Two years before retiring from active work at Centrex, Leslie acquired a 17th-century stone cottage in Kingsand, a historic fishing and smuggling village in Cornwall, U.K. There, with his wife, he spent happy periods every year, enjoying its rustic charm, the friendly villagers, the beauty of the coastal environment, and a close association with his younger brother and stalwart friend, the late Mike Collins of Millbrook, Cornwall.
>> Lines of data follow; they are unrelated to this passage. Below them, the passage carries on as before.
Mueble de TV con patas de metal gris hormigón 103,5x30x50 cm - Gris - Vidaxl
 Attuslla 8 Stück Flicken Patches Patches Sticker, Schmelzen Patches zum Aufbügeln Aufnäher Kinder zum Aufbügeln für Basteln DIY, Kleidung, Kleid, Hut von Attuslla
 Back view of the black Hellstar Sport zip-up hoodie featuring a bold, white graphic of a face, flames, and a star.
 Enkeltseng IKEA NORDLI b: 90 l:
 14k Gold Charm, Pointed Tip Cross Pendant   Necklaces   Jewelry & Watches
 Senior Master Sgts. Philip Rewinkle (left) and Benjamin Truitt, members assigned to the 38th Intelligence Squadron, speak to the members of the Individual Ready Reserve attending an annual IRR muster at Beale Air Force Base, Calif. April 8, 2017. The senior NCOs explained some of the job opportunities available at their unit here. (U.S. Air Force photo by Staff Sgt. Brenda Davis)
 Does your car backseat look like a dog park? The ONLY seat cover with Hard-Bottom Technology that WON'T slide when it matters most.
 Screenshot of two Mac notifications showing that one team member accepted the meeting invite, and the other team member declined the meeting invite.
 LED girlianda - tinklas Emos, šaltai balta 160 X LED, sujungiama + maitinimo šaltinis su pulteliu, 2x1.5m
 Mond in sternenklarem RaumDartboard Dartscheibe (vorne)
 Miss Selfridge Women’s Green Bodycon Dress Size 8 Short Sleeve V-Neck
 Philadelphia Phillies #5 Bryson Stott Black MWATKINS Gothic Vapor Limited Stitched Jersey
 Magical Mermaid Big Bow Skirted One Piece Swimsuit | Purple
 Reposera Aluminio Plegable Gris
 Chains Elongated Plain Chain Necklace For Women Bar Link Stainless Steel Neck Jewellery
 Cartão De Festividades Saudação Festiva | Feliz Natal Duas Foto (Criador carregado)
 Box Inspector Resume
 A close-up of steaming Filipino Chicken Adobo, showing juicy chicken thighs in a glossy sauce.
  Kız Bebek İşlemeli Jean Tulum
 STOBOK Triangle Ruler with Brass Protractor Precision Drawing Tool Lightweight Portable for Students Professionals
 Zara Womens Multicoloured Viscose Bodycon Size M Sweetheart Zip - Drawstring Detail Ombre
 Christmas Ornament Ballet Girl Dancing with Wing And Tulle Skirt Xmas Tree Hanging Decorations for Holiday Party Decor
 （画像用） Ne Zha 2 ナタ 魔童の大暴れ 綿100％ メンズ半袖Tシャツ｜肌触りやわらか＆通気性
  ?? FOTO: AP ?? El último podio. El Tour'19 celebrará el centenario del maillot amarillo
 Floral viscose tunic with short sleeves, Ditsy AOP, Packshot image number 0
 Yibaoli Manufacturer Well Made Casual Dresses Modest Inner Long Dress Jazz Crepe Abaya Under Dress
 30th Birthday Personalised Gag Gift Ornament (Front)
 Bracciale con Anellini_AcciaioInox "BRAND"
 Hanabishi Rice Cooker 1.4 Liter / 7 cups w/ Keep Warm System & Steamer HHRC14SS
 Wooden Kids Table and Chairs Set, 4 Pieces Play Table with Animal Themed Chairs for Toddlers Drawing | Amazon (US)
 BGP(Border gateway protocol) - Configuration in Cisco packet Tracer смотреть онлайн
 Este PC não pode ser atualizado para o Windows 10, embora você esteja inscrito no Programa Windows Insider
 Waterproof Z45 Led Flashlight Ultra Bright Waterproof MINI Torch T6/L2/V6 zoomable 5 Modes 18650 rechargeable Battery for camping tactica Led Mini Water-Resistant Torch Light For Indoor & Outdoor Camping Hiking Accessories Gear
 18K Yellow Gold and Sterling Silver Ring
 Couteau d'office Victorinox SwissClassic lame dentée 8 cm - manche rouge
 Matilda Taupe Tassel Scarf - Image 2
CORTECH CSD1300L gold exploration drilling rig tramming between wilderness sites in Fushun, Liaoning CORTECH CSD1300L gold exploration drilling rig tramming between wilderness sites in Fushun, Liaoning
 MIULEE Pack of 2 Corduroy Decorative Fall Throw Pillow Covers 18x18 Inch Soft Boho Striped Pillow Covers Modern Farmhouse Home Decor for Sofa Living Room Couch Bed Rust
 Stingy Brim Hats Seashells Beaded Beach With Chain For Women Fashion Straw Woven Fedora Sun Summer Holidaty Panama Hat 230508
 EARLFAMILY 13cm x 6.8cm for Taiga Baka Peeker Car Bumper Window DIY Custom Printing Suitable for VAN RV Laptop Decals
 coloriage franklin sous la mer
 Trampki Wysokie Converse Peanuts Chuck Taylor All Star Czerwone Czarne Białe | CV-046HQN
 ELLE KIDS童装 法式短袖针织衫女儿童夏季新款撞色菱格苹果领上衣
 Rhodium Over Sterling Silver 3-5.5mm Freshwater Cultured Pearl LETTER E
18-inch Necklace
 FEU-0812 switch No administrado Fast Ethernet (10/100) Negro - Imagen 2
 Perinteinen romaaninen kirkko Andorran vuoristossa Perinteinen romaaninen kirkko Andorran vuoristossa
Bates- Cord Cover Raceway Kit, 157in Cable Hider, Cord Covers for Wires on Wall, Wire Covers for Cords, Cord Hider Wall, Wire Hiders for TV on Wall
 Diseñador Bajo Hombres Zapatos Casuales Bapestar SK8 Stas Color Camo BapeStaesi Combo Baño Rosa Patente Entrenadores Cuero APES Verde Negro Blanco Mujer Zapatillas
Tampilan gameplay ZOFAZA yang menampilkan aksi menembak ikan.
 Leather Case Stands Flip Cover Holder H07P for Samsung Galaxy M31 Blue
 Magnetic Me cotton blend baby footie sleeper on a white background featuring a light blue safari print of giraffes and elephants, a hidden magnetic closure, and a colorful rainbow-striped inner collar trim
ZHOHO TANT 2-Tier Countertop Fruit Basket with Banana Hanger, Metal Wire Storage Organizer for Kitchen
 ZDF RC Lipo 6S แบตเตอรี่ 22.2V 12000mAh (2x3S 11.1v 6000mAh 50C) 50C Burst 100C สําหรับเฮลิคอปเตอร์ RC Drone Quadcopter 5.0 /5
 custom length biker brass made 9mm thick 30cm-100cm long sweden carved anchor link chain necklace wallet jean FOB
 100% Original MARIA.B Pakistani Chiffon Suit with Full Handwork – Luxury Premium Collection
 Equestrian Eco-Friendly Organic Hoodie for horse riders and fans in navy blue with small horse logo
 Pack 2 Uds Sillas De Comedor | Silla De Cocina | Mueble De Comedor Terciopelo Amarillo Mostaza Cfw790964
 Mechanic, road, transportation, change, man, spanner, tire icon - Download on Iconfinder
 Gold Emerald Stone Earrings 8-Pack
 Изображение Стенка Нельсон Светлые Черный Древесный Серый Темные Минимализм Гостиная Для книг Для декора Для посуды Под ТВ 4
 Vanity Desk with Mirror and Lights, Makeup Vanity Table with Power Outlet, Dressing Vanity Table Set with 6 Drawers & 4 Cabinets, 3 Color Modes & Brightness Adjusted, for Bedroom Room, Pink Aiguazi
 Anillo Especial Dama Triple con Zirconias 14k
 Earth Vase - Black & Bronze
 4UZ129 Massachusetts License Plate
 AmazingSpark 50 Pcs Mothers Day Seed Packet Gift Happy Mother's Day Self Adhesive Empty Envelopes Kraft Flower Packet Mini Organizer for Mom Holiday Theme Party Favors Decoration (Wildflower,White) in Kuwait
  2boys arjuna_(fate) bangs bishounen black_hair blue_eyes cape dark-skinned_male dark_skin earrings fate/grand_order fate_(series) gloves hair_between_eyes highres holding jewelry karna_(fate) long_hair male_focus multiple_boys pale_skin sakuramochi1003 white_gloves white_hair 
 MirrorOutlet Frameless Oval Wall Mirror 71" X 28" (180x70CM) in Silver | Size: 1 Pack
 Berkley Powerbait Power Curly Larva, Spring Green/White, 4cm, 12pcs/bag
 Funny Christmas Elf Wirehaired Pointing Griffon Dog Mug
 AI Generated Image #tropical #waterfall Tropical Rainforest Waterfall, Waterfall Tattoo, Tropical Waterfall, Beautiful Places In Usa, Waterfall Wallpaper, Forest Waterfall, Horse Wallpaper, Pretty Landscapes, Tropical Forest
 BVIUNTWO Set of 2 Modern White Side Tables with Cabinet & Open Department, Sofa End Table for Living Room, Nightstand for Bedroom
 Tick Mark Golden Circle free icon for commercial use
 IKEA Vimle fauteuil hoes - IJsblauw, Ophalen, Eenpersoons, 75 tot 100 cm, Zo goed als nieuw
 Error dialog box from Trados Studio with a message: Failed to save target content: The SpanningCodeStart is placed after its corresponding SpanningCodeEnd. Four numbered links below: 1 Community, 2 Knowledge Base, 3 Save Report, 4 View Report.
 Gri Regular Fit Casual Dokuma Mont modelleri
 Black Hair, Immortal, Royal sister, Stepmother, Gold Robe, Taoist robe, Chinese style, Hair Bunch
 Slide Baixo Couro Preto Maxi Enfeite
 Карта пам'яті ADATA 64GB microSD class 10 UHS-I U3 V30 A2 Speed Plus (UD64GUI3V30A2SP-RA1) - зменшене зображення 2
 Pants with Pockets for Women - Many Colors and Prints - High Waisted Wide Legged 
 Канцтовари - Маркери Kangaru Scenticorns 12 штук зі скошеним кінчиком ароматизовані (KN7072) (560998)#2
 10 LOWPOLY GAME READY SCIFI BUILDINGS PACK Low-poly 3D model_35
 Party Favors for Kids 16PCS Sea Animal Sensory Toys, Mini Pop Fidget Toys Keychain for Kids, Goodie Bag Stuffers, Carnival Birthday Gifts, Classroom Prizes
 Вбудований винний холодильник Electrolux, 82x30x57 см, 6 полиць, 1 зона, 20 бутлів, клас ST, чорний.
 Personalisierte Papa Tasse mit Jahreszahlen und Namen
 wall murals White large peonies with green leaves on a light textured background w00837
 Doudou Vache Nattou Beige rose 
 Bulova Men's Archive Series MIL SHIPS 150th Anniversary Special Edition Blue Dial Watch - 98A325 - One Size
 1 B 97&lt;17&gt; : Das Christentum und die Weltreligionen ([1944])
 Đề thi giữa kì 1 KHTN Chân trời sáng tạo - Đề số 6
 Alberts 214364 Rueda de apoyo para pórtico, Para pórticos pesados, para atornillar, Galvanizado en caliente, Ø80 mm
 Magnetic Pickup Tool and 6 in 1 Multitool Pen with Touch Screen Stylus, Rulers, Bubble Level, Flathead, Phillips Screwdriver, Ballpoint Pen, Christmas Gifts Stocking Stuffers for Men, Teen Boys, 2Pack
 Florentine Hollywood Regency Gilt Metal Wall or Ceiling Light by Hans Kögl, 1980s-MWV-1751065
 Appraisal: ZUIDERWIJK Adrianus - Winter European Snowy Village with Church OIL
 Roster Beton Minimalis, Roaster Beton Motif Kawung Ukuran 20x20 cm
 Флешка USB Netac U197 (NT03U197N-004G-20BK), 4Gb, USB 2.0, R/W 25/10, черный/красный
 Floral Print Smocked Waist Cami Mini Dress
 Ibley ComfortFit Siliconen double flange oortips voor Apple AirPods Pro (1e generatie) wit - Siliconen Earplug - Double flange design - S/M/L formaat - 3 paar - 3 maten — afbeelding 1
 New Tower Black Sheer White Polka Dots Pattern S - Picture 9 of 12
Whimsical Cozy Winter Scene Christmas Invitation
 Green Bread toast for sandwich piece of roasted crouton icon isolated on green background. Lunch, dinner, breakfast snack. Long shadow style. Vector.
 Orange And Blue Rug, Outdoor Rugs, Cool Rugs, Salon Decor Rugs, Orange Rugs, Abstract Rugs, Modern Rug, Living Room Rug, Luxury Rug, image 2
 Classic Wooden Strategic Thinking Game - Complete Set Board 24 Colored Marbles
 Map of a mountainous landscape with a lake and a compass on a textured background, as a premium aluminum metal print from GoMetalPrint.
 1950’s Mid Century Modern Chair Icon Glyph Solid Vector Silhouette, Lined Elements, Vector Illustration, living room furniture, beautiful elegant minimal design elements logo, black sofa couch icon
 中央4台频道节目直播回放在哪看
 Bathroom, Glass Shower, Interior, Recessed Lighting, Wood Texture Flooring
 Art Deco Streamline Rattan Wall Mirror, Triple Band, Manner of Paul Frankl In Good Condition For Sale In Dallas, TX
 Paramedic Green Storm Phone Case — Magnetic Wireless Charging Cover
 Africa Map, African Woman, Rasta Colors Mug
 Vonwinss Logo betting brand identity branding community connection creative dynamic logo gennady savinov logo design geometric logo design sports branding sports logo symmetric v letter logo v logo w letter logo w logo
Leslie was a life member of the Institution of Engineers & Technicians, a member of the Old Bedford Modernians Club, the Torpoint & Rame Peninsular Lions, the UCL Alumni Society, a former member of The East India Club in London, and a member of five other clubs or societies in the Rame area of Cornwall. He had a strong bass voice and sang occasionally with the Halfway Harmony and occasionally with the Warwick Chorale over a period of more than forty years. He was the founder of the Chorale’s Christmas Ceili. He had writing ability and wrote a weekly column for the Warwick Valley Dispatch in the later years of his retirement.

Three daughters and one son survive him: Alice, Emily-Jane, and Sally-Ann Reidy; six granddaughters, three grandsons; and many nieces and nephews in the U.S.A. and the U.K. His wife, Jacquelyn, passed in 2018.

Memorial contributions may be sent to The Orange County Land Trust.